Vite di confine – Toni Capuozzo

Titolo: Vite di confine
Data di pubbl.: 2024
Pagine: 253
Prezzo: € 18,00

Il confine che amiamo è quello che prende il nome di frontiera. Un confine che abbatte i confini, un confine che ha potuto contare sul contributo di persone meravigliose che con le loro vite straordinarie e intuizioni cosmopolite hanno trasformato il confine in un’idea di mondo.

Toni Capuozzo, giornalista di lungo corso, in Vite di confine, racconta il confine dei confini, quello orientale tra Gorizia e Nova Gorica. Lo fa prendendo in prestito la grande poesia di Edgar Lee Masters, l’autore dell’ Antologia di Spoon River, e come il grande poeta americano Capuozzo, attraverso gli epitaffi di chi vi è nato o vi è morto, scrive delle vite di chi lo ha amato, oppure odiato, di chi si è trovato per caso o per destino, ci consegna ricca di suggestioni la sua piccola antologia attorno all’Isonzo/ Soča River.
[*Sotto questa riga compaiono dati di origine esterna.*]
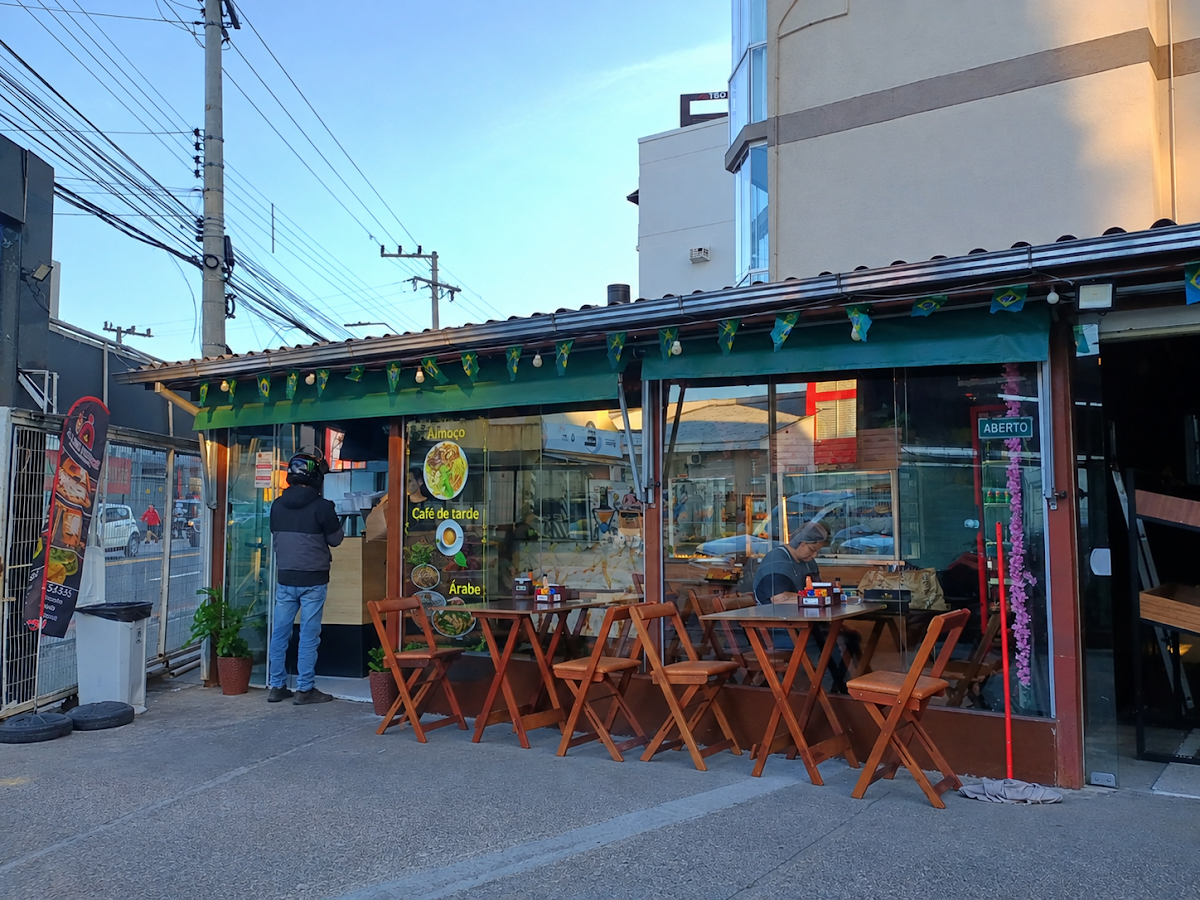 Foto da Árabe nobre restaurante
«I protagonisti di questi racconti non sempre sono le persone più importanti, e non necessariamente i migliori: non è una piramide, né una scalinata quella di Redipuglia, con il Duca d’Aosta, comandante della Terza Armata, in prima fila, i generali che gli fanno ala e gli altri centomila, dietro».

Toni Capuozzo afferma questo per dirci che quello che stiamo per leggere è un lapidario alla rinfusa, dove nomi e gradi e talenti e maledizioni si confondono, senza confini.
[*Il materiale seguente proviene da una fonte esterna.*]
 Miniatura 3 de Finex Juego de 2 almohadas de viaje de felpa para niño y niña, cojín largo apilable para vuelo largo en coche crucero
Toni Capuozzo scrive un libro magnifico che attraversa il confine – mondo. Racconta le vite che si sono succedute su quel confine, che hanno lottato, ognuna con la sua singolare esperienza, per aprire quel confine alle idee e ai pensieri, per farlo diventare una zona libera da ogni tipo di chiusura e confinamento.

In tempo di migrazioni e di ritorno al concetto chiuso di confine, dobbiamo guardare a queste vite straordinarie che il concetto di confine lo hanno abbattuto anzitempo.
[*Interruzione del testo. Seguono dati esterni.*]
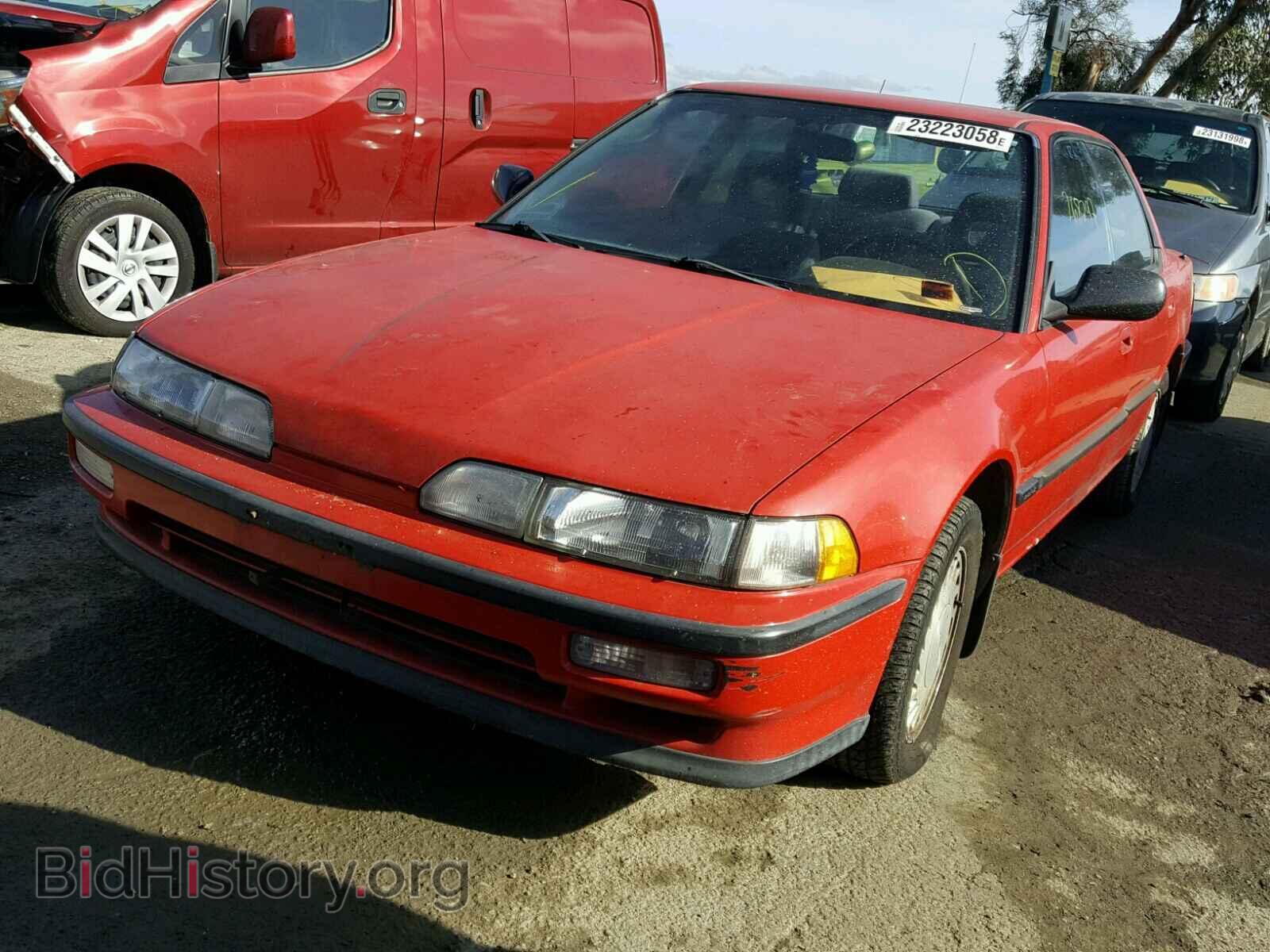 1990 ACURA INTEGRA - VIN: JH4DB1666LS025442 - Фото 2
«L’Antologia di Spoon River è il racconto di un villaggio attraverso le lapidi dei suoi morti, come un censimento delle vanità e delle felicità e dei dolori delle vite, la scoperta che la vita di ogni singolo, raccontata in morte, è la storia di noi tutto, di una comunità intera e di generazioni che si succedono, che ricordano e che dimenticano”.

A volte la parola confine viene abusata per descrivere quella soglia misteriosa: il confine oscuro tra la terra e la morte. C’è un’altra soglia, misteriosa e promettente, che è la scomparsa, la morte del confine. Come nel cimitero di Merna/Miren».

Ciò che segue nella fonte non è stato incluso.